This study addresses the Etzion–Silberstein conjecture concerning the existence of maximum rank distance (MRD) codes in general Ferrers diagrams that attain the known dimension upper bound. By introducing the notion of irreducible Ferrers diagrams, the problem is reduced to verifying the conjecture solely for irreducible cases. The authors provide the first complete structural characterization of such irreducible diagrams, establishing a bijection with a specific class of integer polytopes. Leveraging Ferrers diagram reduction theory, polyhedral geometry, and Ehrhart theory, they reformulate the combinatorial coding problem as a geometric and enumerative question.

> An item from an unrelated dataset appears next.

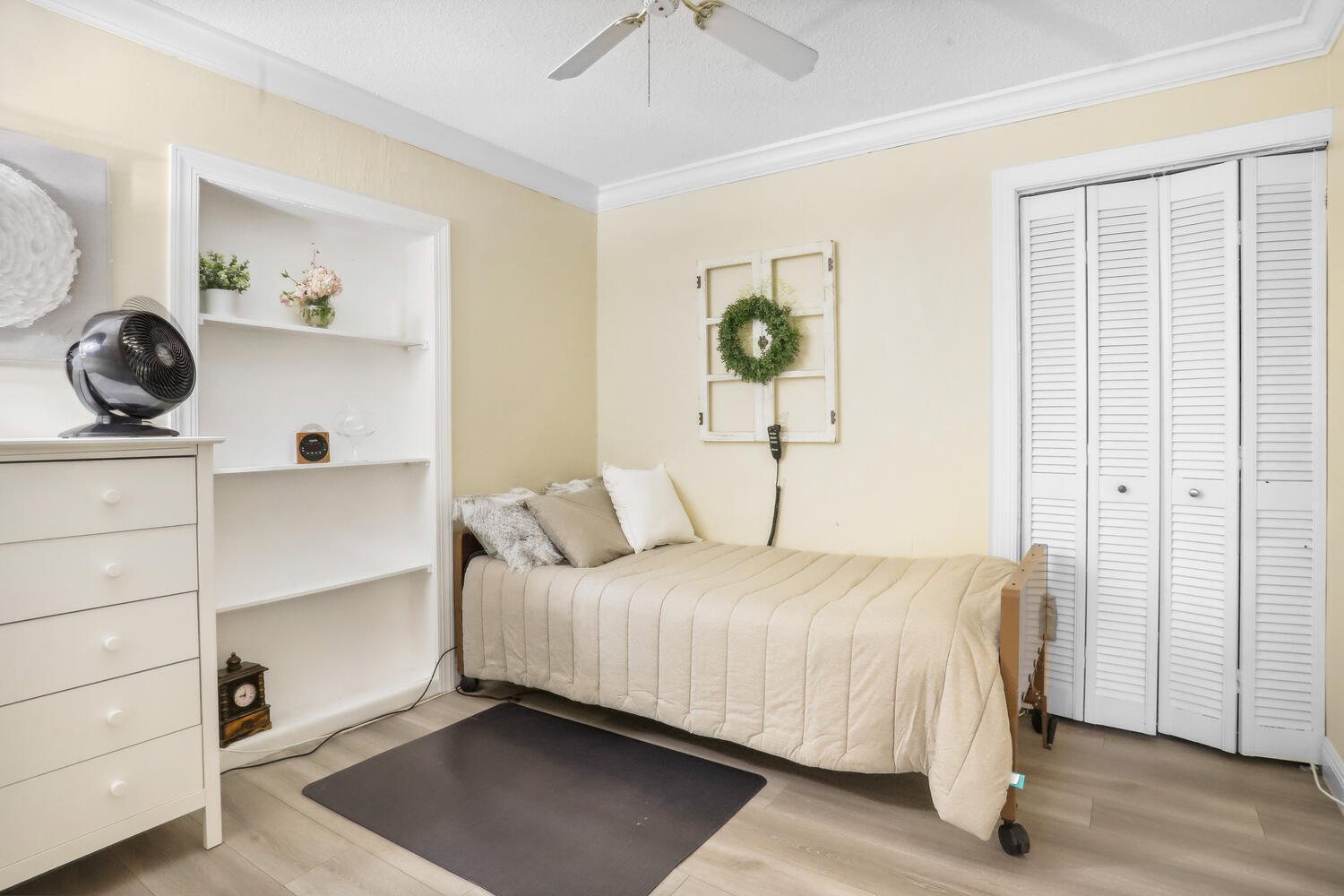 2131 Mark Drive Lake Worth, FL 33461 - Photo 36 of 48 2131 Mark Dr Lake Worth FL-large-016-009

Their main contributions include proving that the conjecture holds if and only if it holds for all irreducible diagrams, and proposing a new conjecture regarding puncturing and inclusion relations among MRD codes in Ferrers diagrams.

The Etzion-Silberstein conjecture asserts that, for any finite field $\mathbb F$, Ferrers diagram $\mathcal D$, and integer $d$, there exists a linear matrix code supported on $\mathcal D$ with minimum rank distance $d$ that attains a natural upper bound on its dimension. Codes achieving this bound are called maximum Ferrers diagram (MFD) codes. While the conjecture has been established for several classes of diagrams (including rectangular, monotone, and MDS-constructible cases), it remains open in general. In this paper, we study the reducibility of Ferrers diagrams. For a fixed distance $d$, a diagram $\mathcal D$ is said to reduce to $\mathcal D'$ if an MFD code for $(\mathcal D,d)$ can be obtained from one for $(\mathcal D',d)$ via shortening or inclusion. Diagrams that are not reducible are called irreducible. We show that the conjecture holds for all diagrams if and only if it holds for irreducible ones, thereby reducing the problem to this fundamental class. Our main result provides a complete characterization of irreducible diagrams: for each $d$, they correspond exactly to the integer points of a polytope $\mathfrak{P}_d \subset \mathbb{R}^{2d-3}$. We prove that these polytopes are integral, enabling the use of Ehrhart-theoretic tools to study their structure. Finally, we formulate a new conjecture on puncturing and inclusion of maximum rank distance codes, and show that it arises as a special case of the Etzion-Silberstein conjecture.